> _Material provided_:
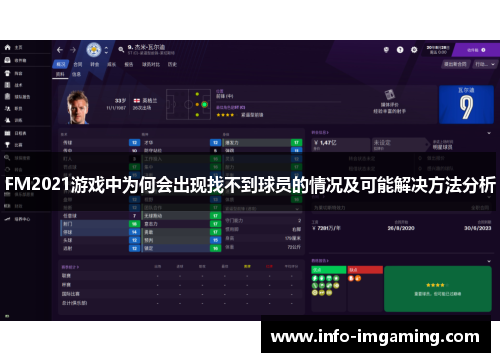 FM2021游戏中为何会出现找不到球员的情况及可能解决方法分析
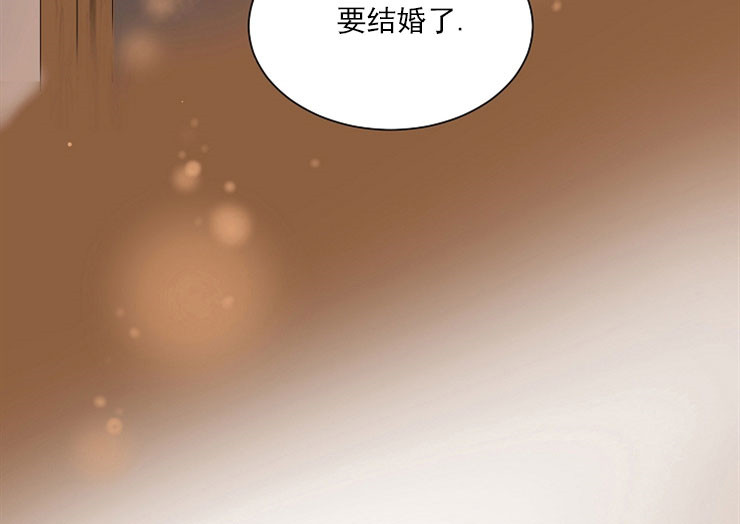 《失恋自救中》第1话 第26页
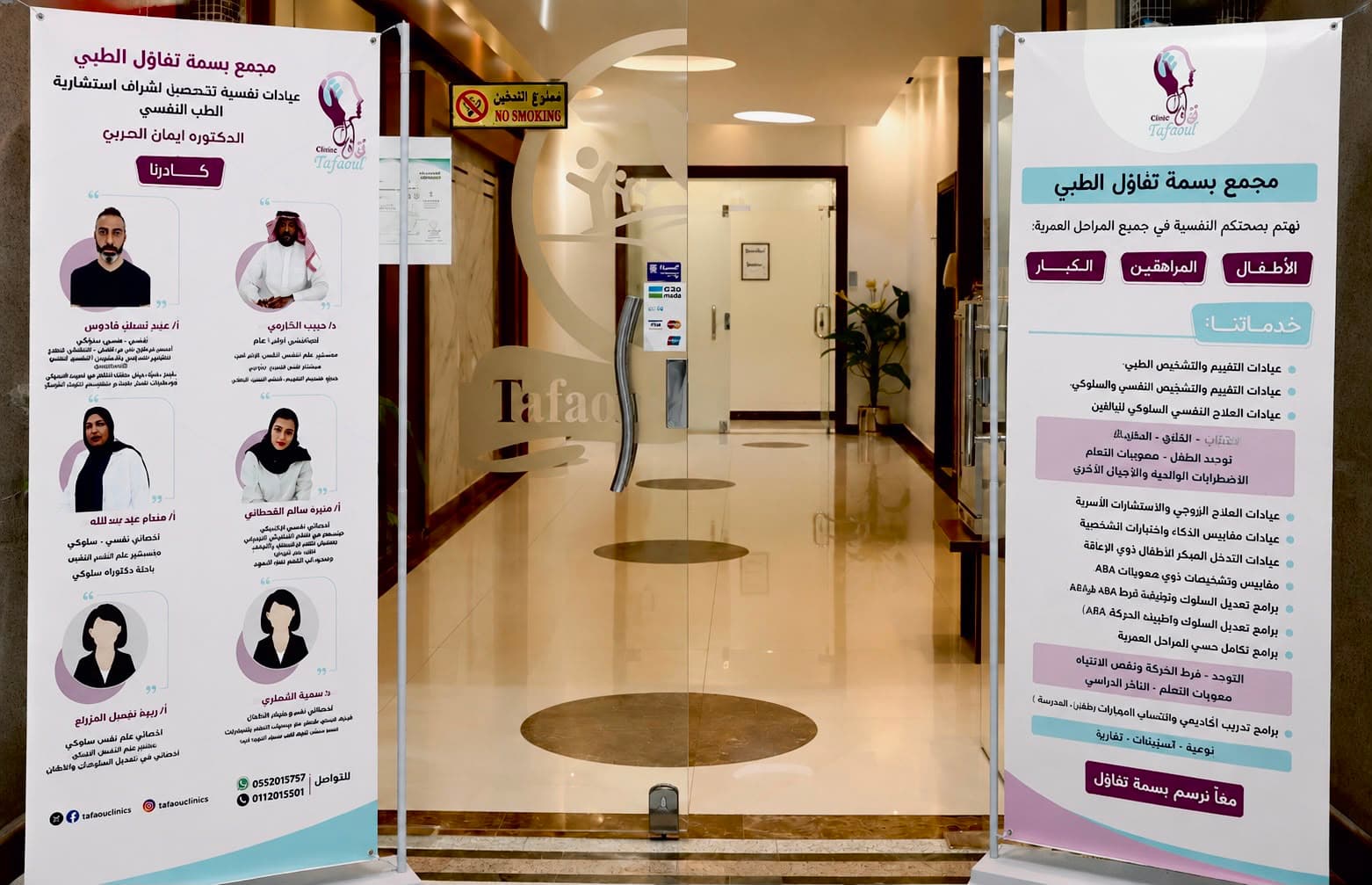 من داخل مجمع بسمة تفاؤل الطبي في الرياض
--
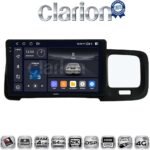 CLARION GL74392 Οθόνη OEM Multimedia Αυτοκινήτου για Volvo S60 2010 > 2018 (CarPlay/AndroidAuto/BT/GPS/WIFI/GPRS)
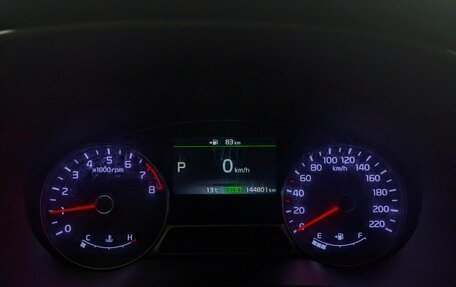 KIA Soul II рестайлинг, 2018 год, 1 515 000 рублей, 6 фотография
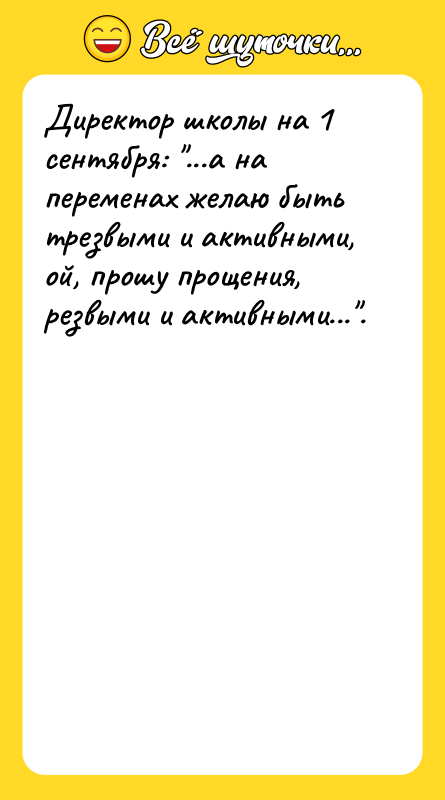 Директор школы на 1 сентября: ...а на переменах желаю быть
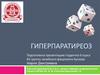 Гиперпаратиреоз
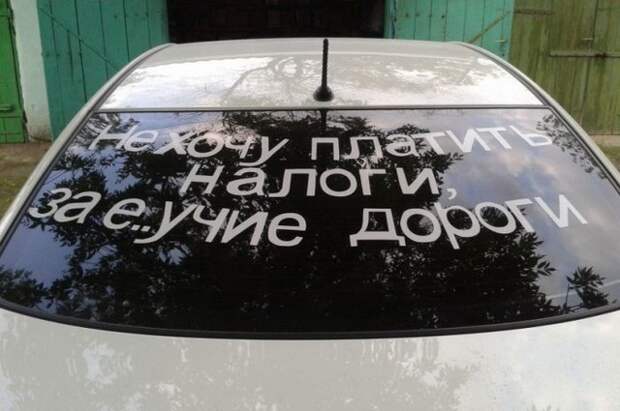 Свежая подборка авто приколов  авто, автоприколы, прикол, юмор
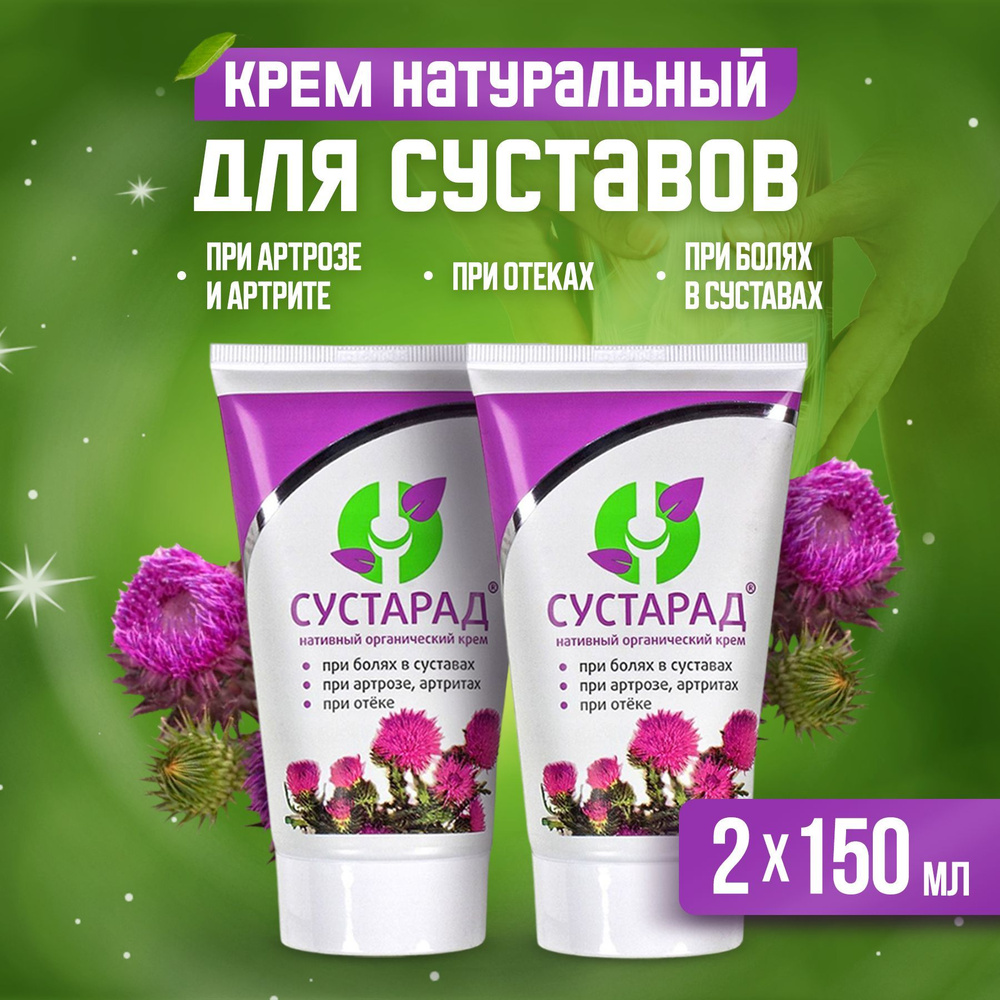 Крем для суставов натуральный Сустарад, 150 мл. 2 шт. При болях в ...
* * *
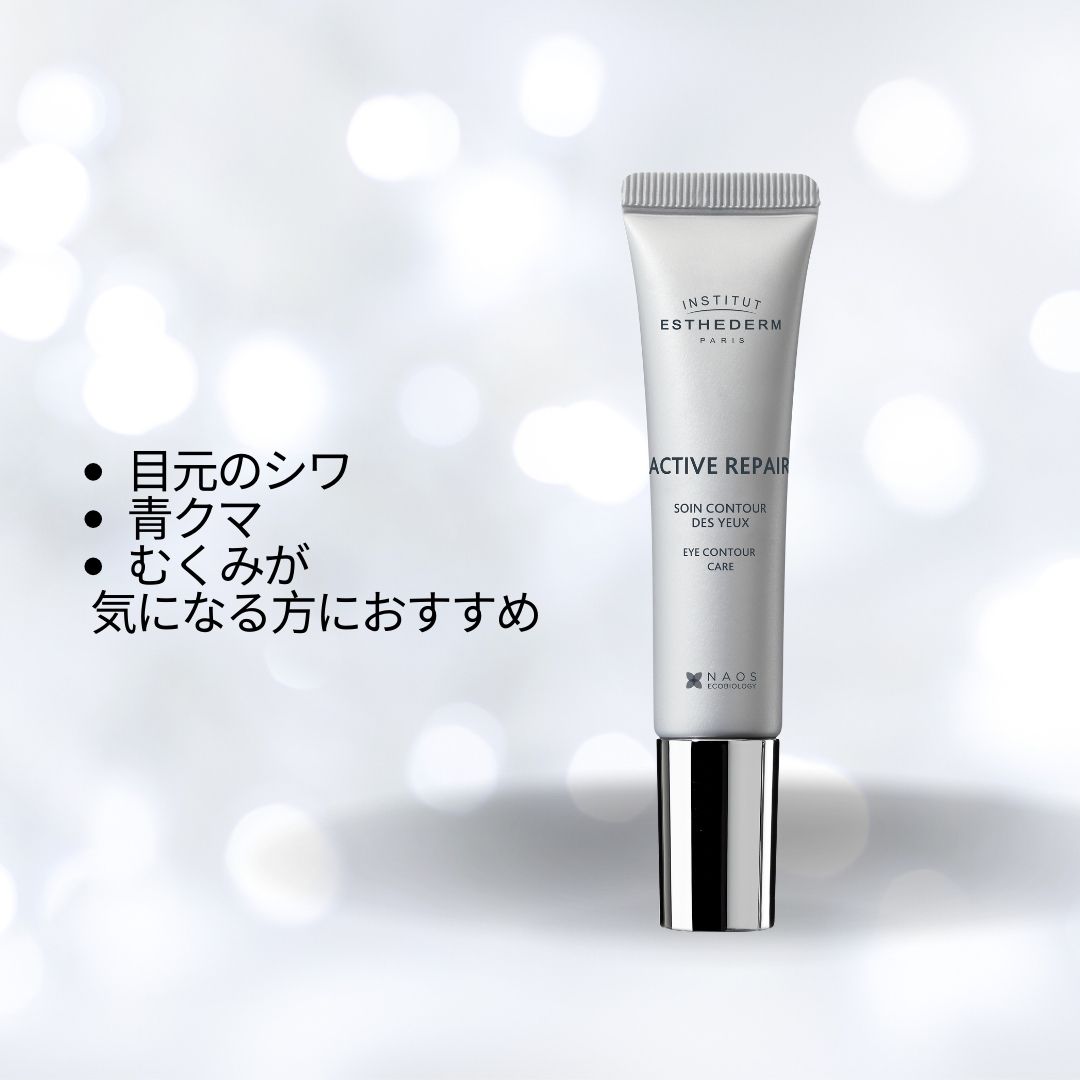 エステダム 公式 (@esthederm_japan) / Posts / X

> _What the exercise asks_: Transcribe, exactly and without pictures, everything in the data from the line with "FM2021游戏中为何会出现找不到球员的情况及可能解决方法分析" down to the line with "من داخل مجمع بسمة تفاؤل الطبي في الرياض", both included.

> _Exercise answer_:
 FM2021游戏中为何会出现找不到球员的情况及可能解决方法分析
 《失恋自救中》第1话 第26页
 من داخل مجمع بسمة تفاؤل الطبي في الرياض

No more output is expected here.